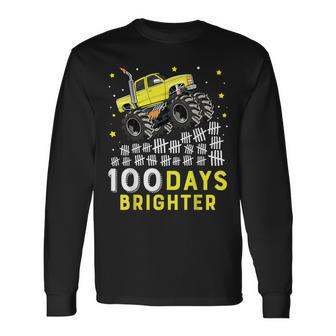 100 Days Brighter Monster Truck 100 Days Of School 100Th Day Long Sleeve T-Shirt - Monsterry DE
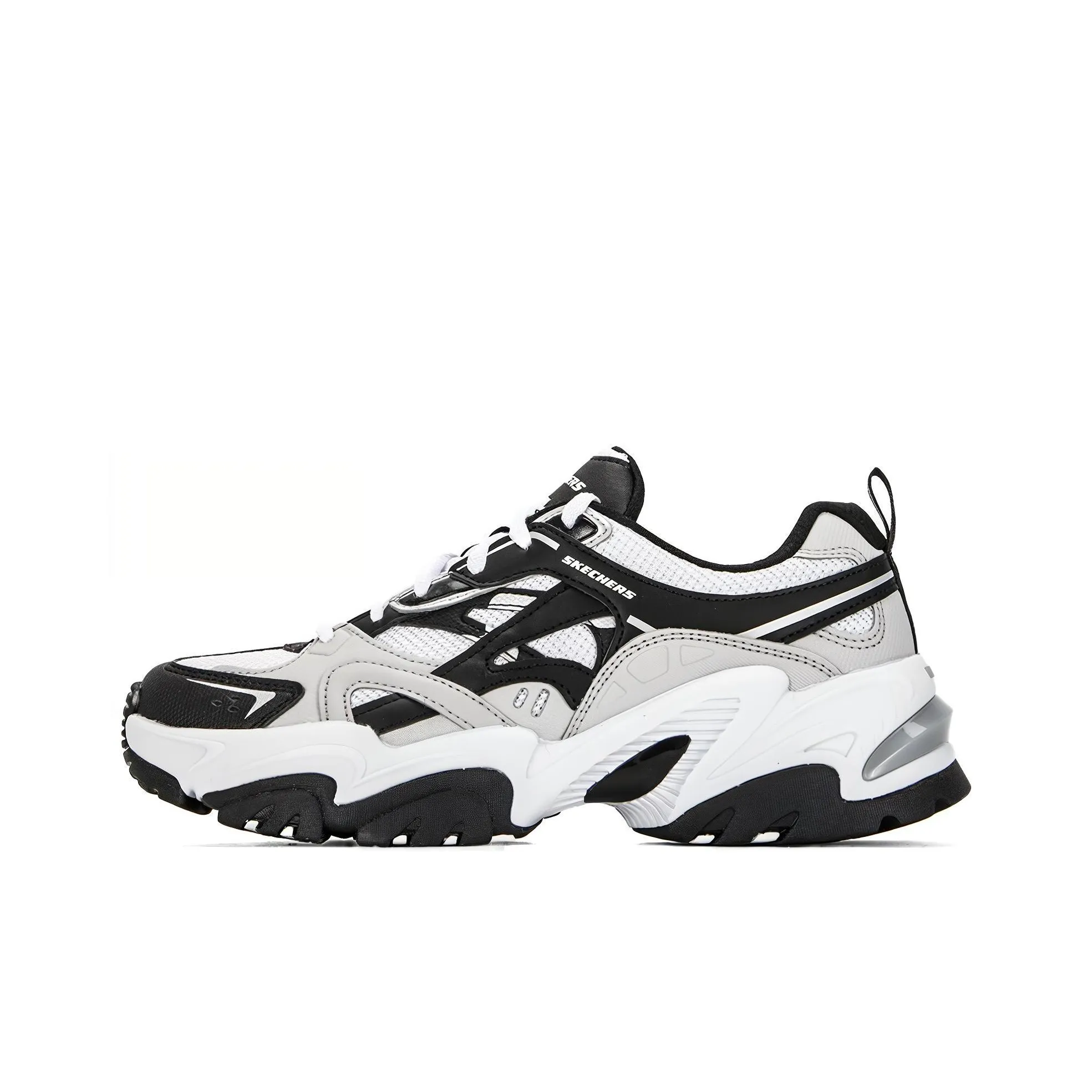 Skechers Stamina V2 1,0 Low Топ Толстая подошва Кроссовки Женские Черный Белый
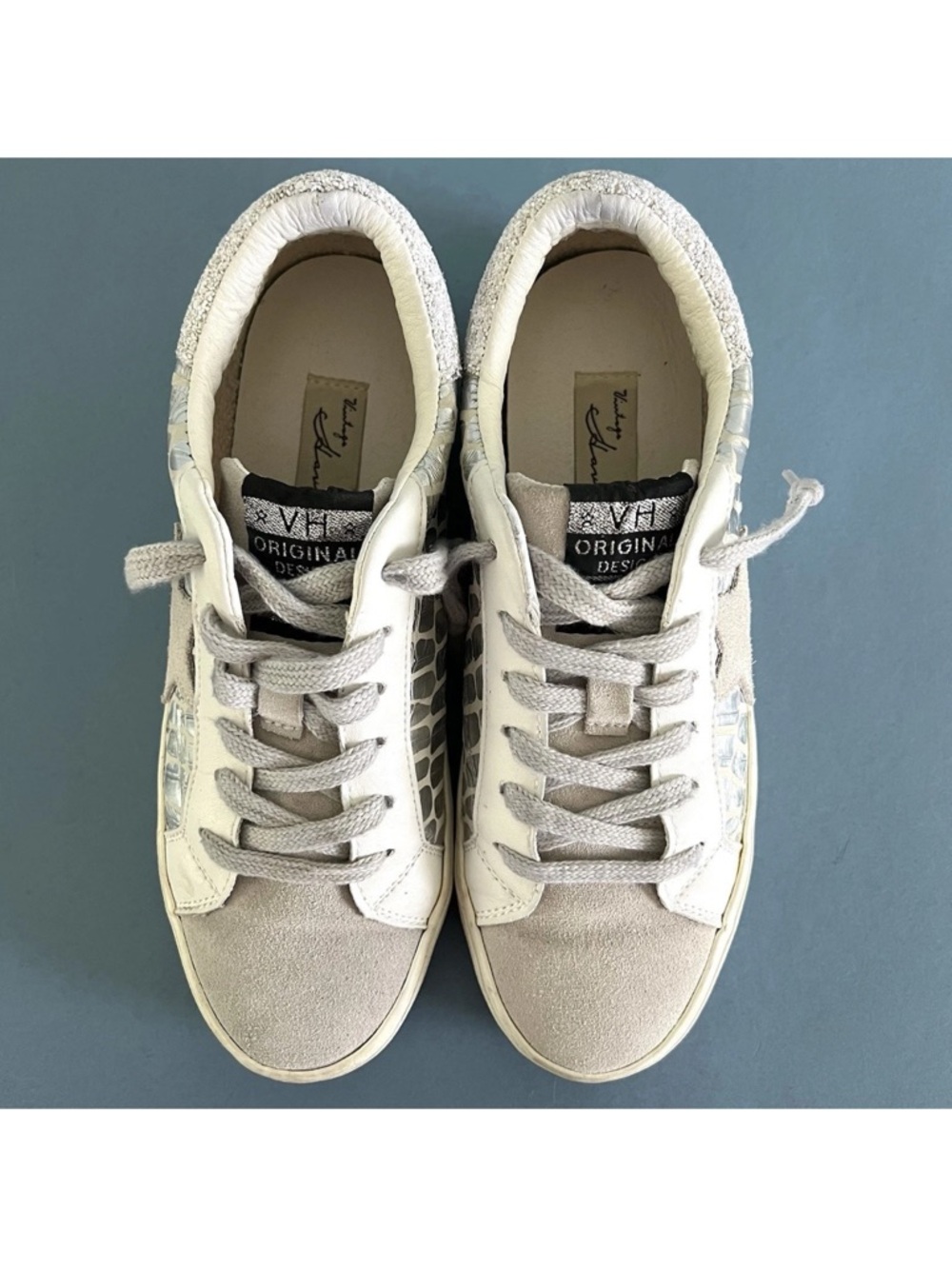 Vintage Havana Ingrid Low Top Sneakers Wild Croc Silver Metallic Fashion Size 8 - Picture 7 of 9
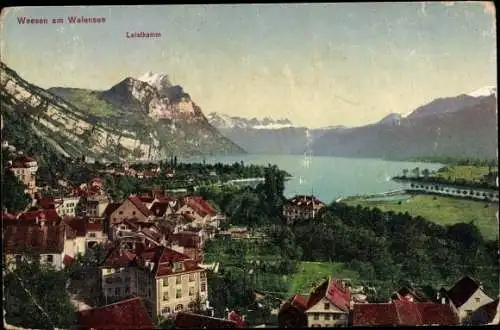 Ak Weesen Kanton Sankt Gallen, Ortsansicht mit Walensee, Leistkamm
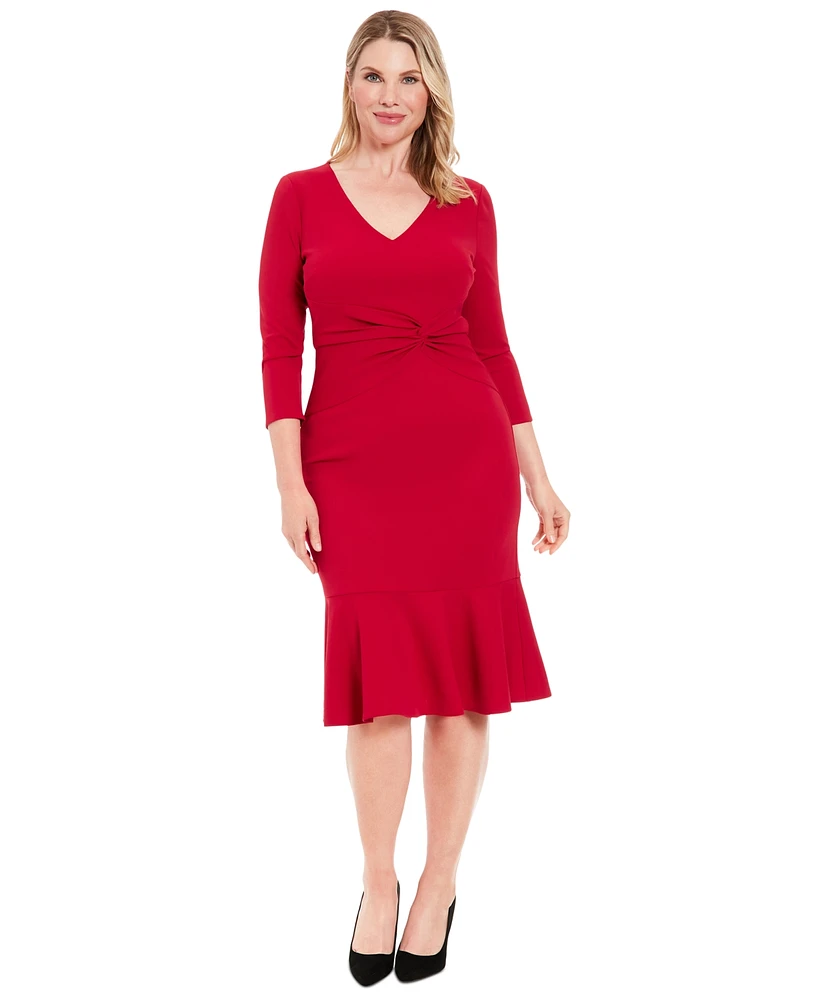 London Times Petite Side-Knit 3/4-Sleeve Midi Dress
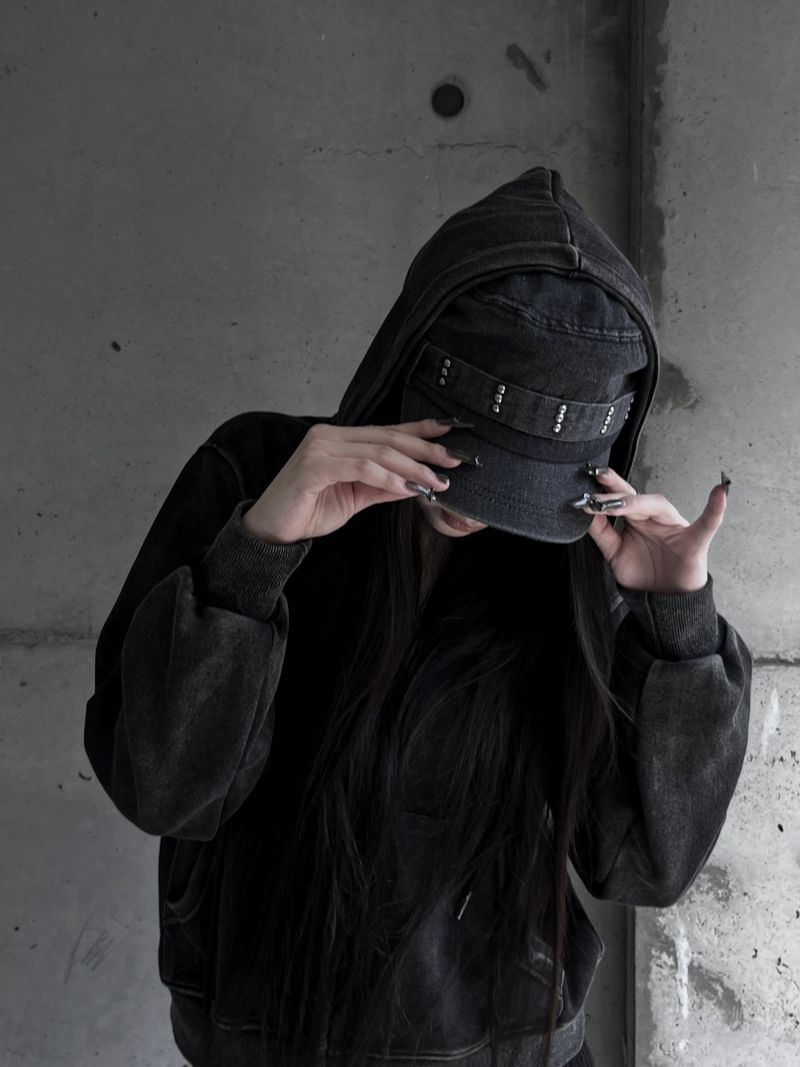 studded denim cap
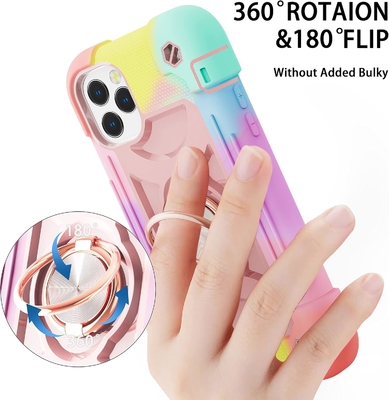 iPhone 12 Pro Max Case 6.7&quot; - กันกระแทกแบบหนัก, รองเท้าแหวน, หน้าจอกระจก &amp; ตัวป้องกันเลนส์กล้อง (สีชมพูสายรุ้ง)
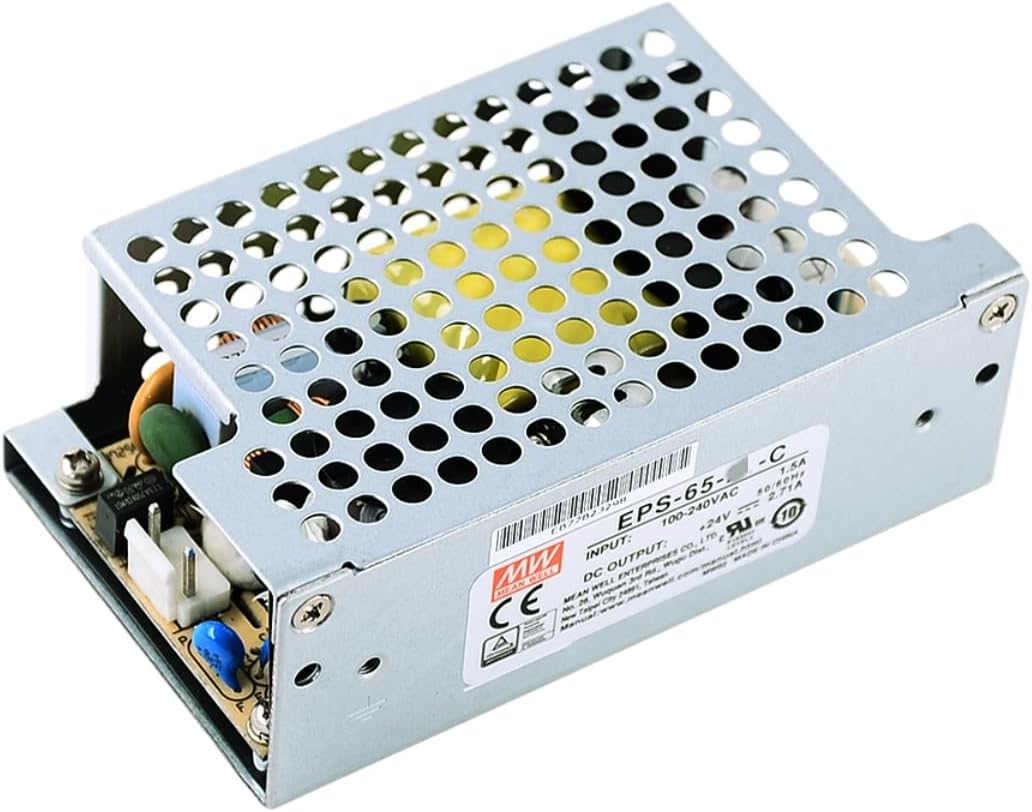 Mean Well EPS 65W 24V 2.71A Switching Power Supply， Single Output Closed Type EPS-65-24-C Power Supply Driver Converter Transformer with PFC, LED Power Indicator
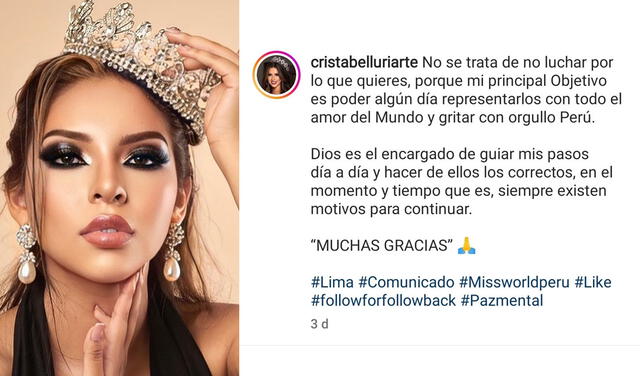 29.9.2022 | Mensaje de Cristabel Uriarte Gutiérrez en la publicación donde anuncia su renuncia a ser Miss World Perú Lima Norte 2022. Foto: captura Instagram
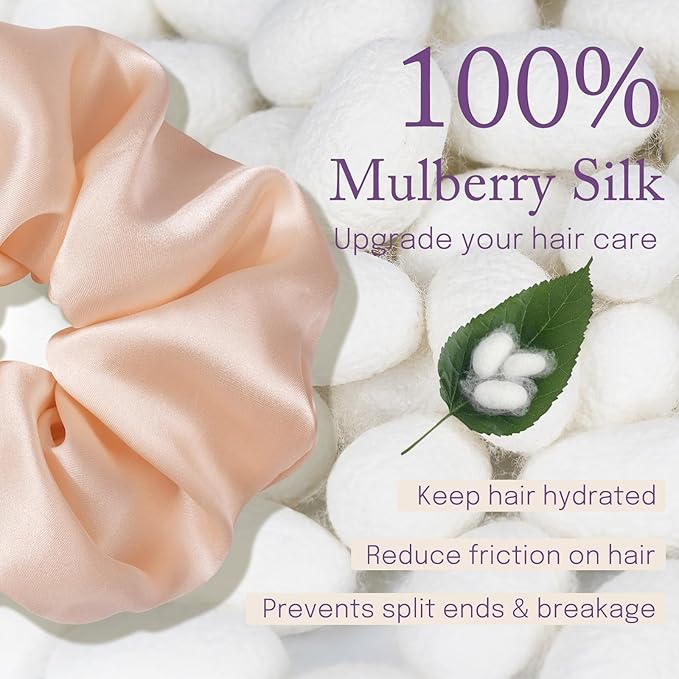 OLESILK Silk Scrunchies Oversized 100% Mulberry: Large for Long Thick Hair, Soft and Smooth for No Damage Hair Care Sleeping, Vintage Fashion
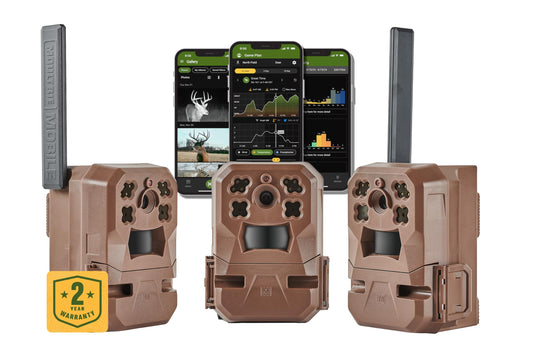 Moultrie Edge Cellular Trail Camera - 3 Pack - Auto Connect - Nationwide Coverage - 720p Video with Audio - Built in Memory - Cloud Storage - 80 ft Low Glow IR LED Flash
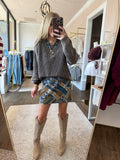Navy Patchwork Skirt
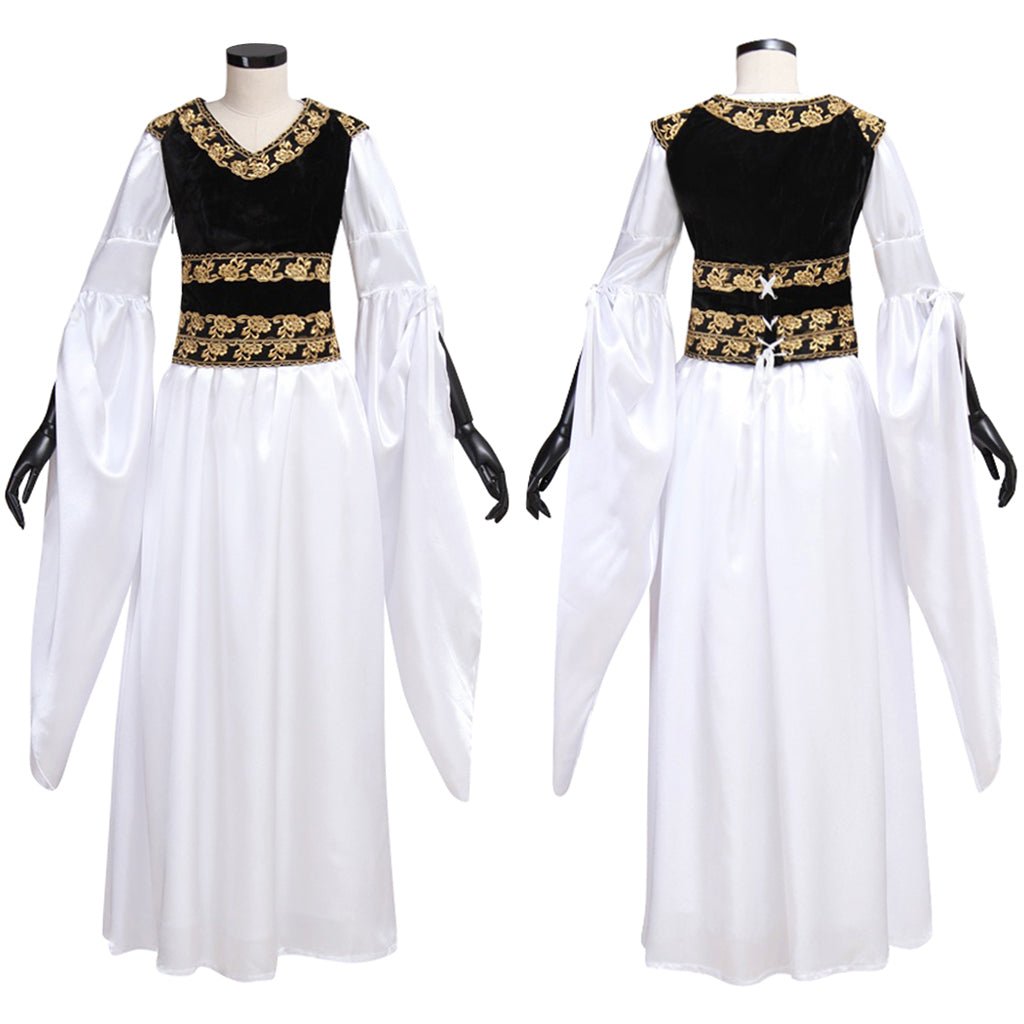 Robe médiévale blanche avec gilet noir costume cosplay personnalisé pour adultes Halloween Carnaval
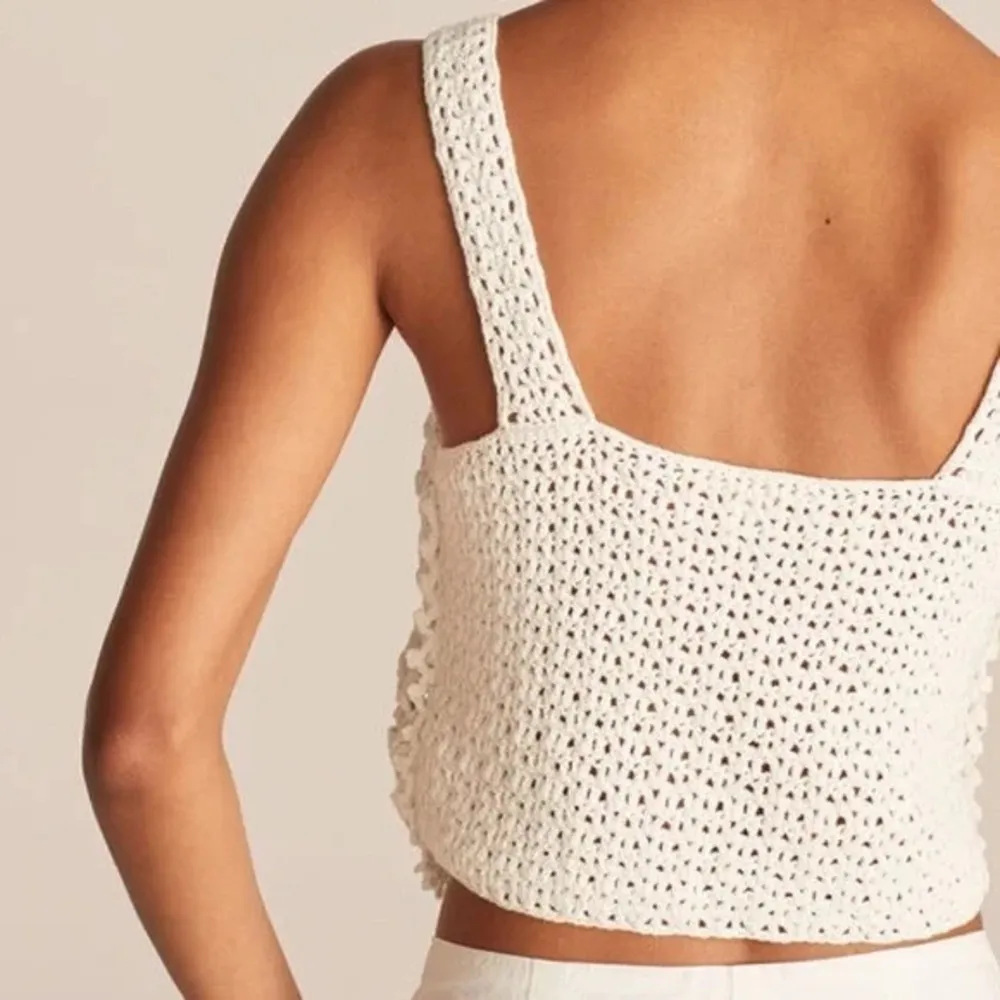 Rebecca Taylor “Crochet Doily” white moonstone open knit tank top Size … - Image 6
____________________
→ What you should do: Everything from the line with "Navy Patchwork Skirt" through the end of the records is to be repeated exactly. The pictures are not.

→ Task answer:
Navy Patchwork Skirt
 Robe médiévale blanche avec gilet noir costume cosplay personnalisé pour adultes Halloween Carnaval
 Rebecca Taylor “Crochet Doily” white moonstone open knit tank top Size … - Image 6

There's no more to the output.